Hey, do you like that Reba McIntyre song “Fancy,” but wonder what it would be like if someone were singing it at the gates of Hell? Skylar Laine has you covered. She performs in front of a bare tree, surrounded by a roiling moat of lava, and I actually say — out loud, for the first time in my life — “This needs tumblers.” The judges spare her soul and send her to the top 24.
Also through, in a great big hurry: Hallie Day! Chase Likens! Aaron Marcellus! They have given themselves three whole hours to reveal 24 names, why are they rushing so? Ryan teases “a shocking turn of events that will change everything,” a promise that is accompanied by the sounds of splashing and screaming. Oh wait: did Final Judgment happen on the day the Wynn hotel capsized, when only a mismatched group of scrappy survivors fought their way to an escape? I guess we’ll find out.
Deandre Brackensick is one of those guys who you just look at and know he’s got a version of “This Woman’s Work.” Sure enough, he does and it gets him into the top 24. As he walks the long aisle back to the holding pen, his ugly cry and luscious mane make him look exactly like Taylor Dayne in the bridge part of the “Tell It To My Heart” video. If you were born after 1988, I’m sorry you can’t participate in today’s recap.
Gentle giant Jermaine Jones — no, seriously, that’s what Ryan calls him twice — does his final performance in a sweater vest with nothing underneath. Please do not give Rick Santorum ideas, Jermaine Jones. There is much holding-pen footage of him waiting for Final Judgment, quivering so hard I fear he will vomit his body weight. His version of “I Believe In You & Me” is shaky and way too bass-y and he doesn’t make it through, but his sobbing will serve as a perfect audition for the role of Gertie in “Tyler Perry’s Medea Sees an E.T.”

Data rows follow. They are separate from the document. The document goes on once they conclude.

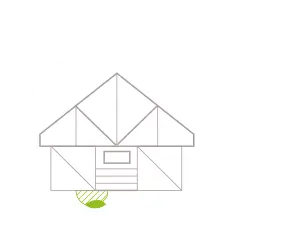 Pictogramme d'une maison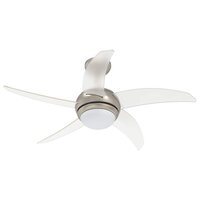 Plafondventilator met licht en afstandsbediening &Oslash; 110 cm 3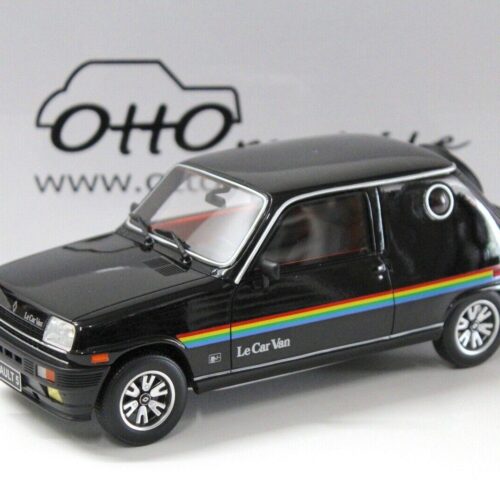 1:18 OTTO mobile OT555 Renault 5 Alpine Le Car Van black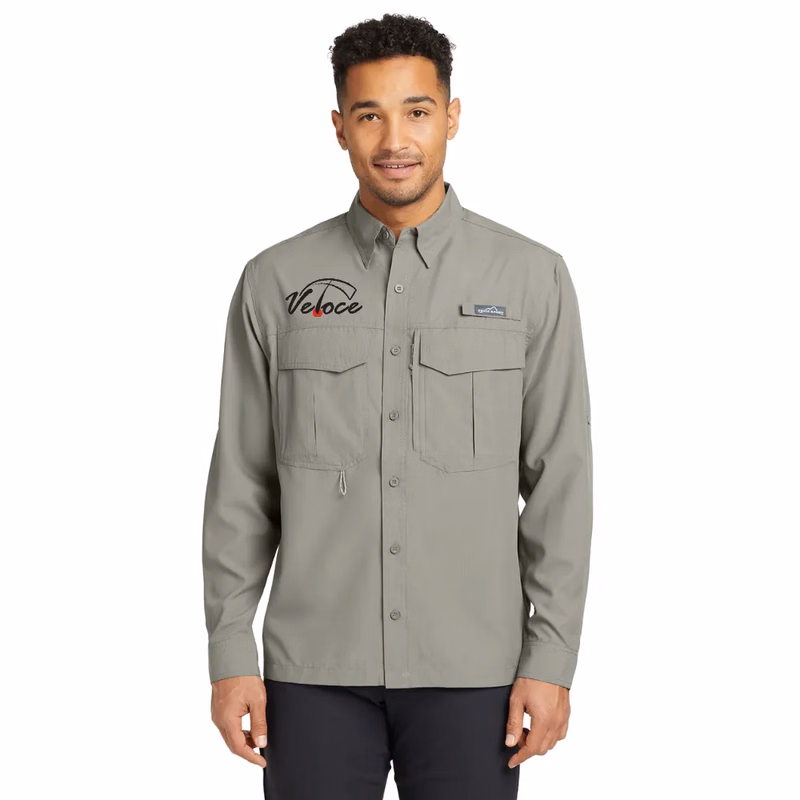 Eddie Bauer(R) Long Sleeve Performance Fishing Shirt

And then comes the part where they bring out more than one auditioner at a time and only choose one, which adds nothing and seems extra cruel to everyone involved. Ariel Sprague, Shelby Tweten and Holly Cavanaugh are trotted out for the last girls' spot, which Holly gets despite being the one I remember least. All three sets of parents are waiting in the holding pen and nobody quite knows how to react, and Ryan attempts to Coach Taylor the situation, which is not one of his strengths. Weird.
Boy-wise, it’s down to David Leathers Jr. and Eben Franckewitz, who are infants. And the last spot goes to ... Eben! There is an endless tracking shot of David crying while Eben serves up some teenage John Cusack awkward joyfulness right behind him. Again, the parents are waiting just outside, and as Eben jumps into his mother’s arms, Eben’s dad lunges forward, comes face-to-face with a crestfallen David, and straight-up recoils. It is simply mouthwatering. Ryan puts his hand on David’s shoulders and says “Where’s that chin?” Ryan Seacrest: Discount Life Coach.
Now that the pressure’s off, Steven Tyler decides to disrobe and jump in the Le Reve stage-moat thing, and his upper body looks like you left an onion out too long and it grew nipples. He swims right out of the room, yelling, “I’m coming, Mom!” That’s the Wiccan Catherine Keener for you.
Finally, it is time for our shocking twist! Are you sitting down? They are going to add one more boy to the top 24, and it will be one of these four: Johnny Keyser, Jermaine Jones, Richie Law or David Leathers Jr.! Yes, sure, you can stand back up now. Where are you going?